CIfA Conference 2014 - Workshops

CPD training workshops will include:

  • W1 Publishing in the Historic Environment, or How I learnt to stop worrying and got something into print
  • W2 Scanning environments, sediments and archaeology
  • W3 Social media: its dangers and benefits to archaeological practice and public engagement
  • W4 A sample of what’s on offer: getting the most out of archaeological science

W1 Publishing in the Historic Environment, or How I learnt to stop worrying and got something into print

Organisers:

Roger White (University of Birmingham) and Rachel Young (Maney Publishing)

Ever been frustrated at having perfectly good work that you’ve slaved over shoved onto a shelf and forgotten about because it’s viewed as ‘grey literature’? Ever got a high mark for a dissertation and wondered how to transform it into something that can be appreciated by a wider audience? Ever had a bright idea on how to improve working practices on site and pondered how to reach a wider audience to tell them of it? This workshop aims to provide some guidance to those who wish to turn their work and ideas into something that can be delivered to a global audience of academics and fellow professionals. Led by those who edit and produce the IfA’s own house journal, Historic Environment, Policy and Practice, the session will provide an overview of the editorial process, highlighting what the editorial board is looking for in reviewing papers. Practical advice will be offered on learning how to edit existing texts and reports to gear the text more closely to the academic demands of the journal, how to meet the exacting demands of referencing for a journal and advice on how to select suitable images. The opportunity will also be taken by the Maney publishing team to explain the new Open Access approach to publishing that is increasingly affecting the academic world. Above all, we will seek to dispel the mystery around academic publishing that may, in the past, have put you off from trying to publish something.

W2 Scanning environments, sediments and archaeology

Organisers:

Tony Brown (Tony.Brown [at] soton.ac.uk), Laura Basell (lbasell [at] bournemouth.ac.uk) and Michael Lobb (ml6g12 [at] soton.ac.uk)

This workshop will assemble a number of TLS users from different research areas in archaeology who will share their experiences and practices and communicate the direction of travel of TLS in archaeology. We would be interested to hear from those with good case studies which could be included as an example for workshop attendees, please get in touch with the organisers.

W3 Social media: its dangers and benefits to archaeological practice and public engagement

Organisers:

Stuart Prior and Aisling Tierney, University of Bristol

Social media has become an integral part of business practice in recent years. It benefits business by creating low cost marketing channels to reach a large customer base. For consumers and the public it serves as a venue to engage directly and immediately with archaeological practice. For all its positives, there are many pitfalls in using social media, notably knowing what content to share and how to display it appropriately.

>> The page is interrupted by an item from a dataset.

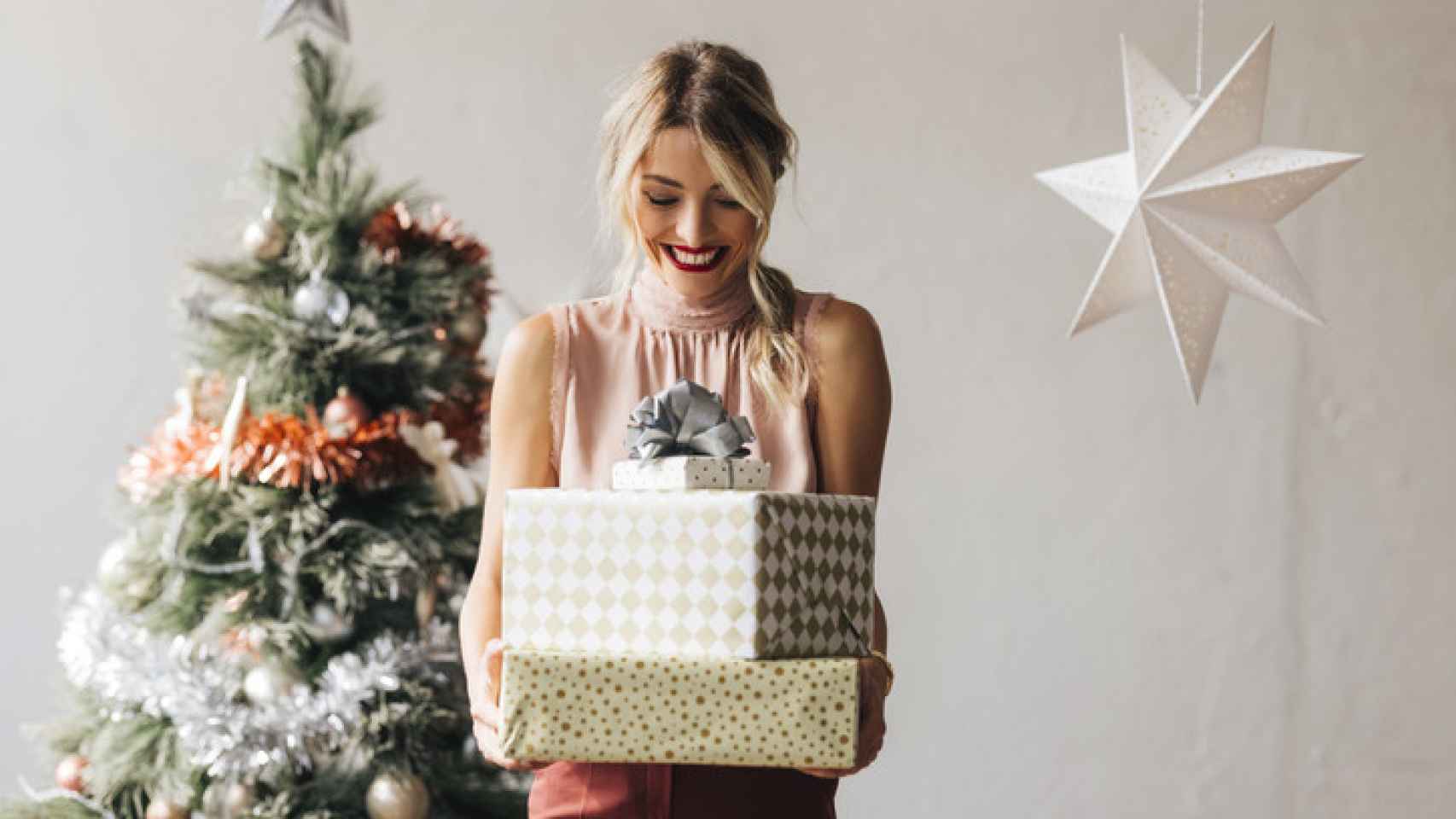 Mujer cargando regalos con un árbol de Navidad en el fondo.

This session will examine best practice in the professional use of social media. Industry specific case studies will highlight best practice in this field. Various social media platforms applicable to industry, research, museums and personal profiles will be explored and explained. Attendees will draw from their own experience and their sector to test which social media outlets are best suited to their practice. Social media will also be analysed as a tool to promote research. Pitfalls and problems arising from the use of social media will be investigated and discussed. The session will culminate in the creation of a set of guidelines for the professional use of social media tailored to each participant’s needs, which will be contrasted with the institutional example of the University of Bristol’s Berkeley excavation project, where social media and appropriate guidelines are already in use.

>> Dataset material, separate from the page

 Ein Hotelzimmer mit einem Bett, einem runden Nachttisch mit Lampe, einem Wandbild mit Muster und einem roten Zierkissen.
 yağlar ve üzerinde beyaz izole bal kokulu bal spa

W4 A sample of what’s on offer: getting the most out of archaeological science

Organisers:

Jo McKenzie, Zoe Outram and Julia Beaumont

When do you contact the archaeological scientists? At the start of post-excavation? When something exciting pops up on site? At the planning stage? Do you automatically reach for the same email contacts - but wonder about those techniques you simply don’t know well enough to know if they’ll answer your questions better? Are you confident that you’re not only asking the right questions of the data, but that your sampling and recording strategies are geared towards the techniques that provide the most proficient and cost-effective way to answer them?

This workshop asks - why should developers and clients pay for archaeological research? Our answer: because it should be the natural outcome of a comprehensive, appropriate and cost-effective sampling and analysis brief and should be a key attribute of the professional product. This workshop is presented by three archaeological scientists with experience of both commercial and research sectors, specialists with the on-site experience to present guidelines for best practice that can help you create a lean, mean (and money-saving) sampling regime. As the saying goes, it’s not how big your sample archive is, but what you do with it that counts – and involving the right specialists at an early stage can help cut waste both in site time and storage space as well as selecting the right combination of techniques to get the best from your site... and that publication-ready dataset.

We’ll be focusing in particular on scientific techniques as explored through three key areas: soils and deposits both on and off site, site chronologies, and perhaps the most exciting new set of techniques exploring human behaviour: stable isotope analysis. We’ll discuss the best techniques to fit not only your site but your budget, how to dovetail these with more traditional data collection regimes, how and where to find out more, and sources of potential additional funding for larger-scale projects.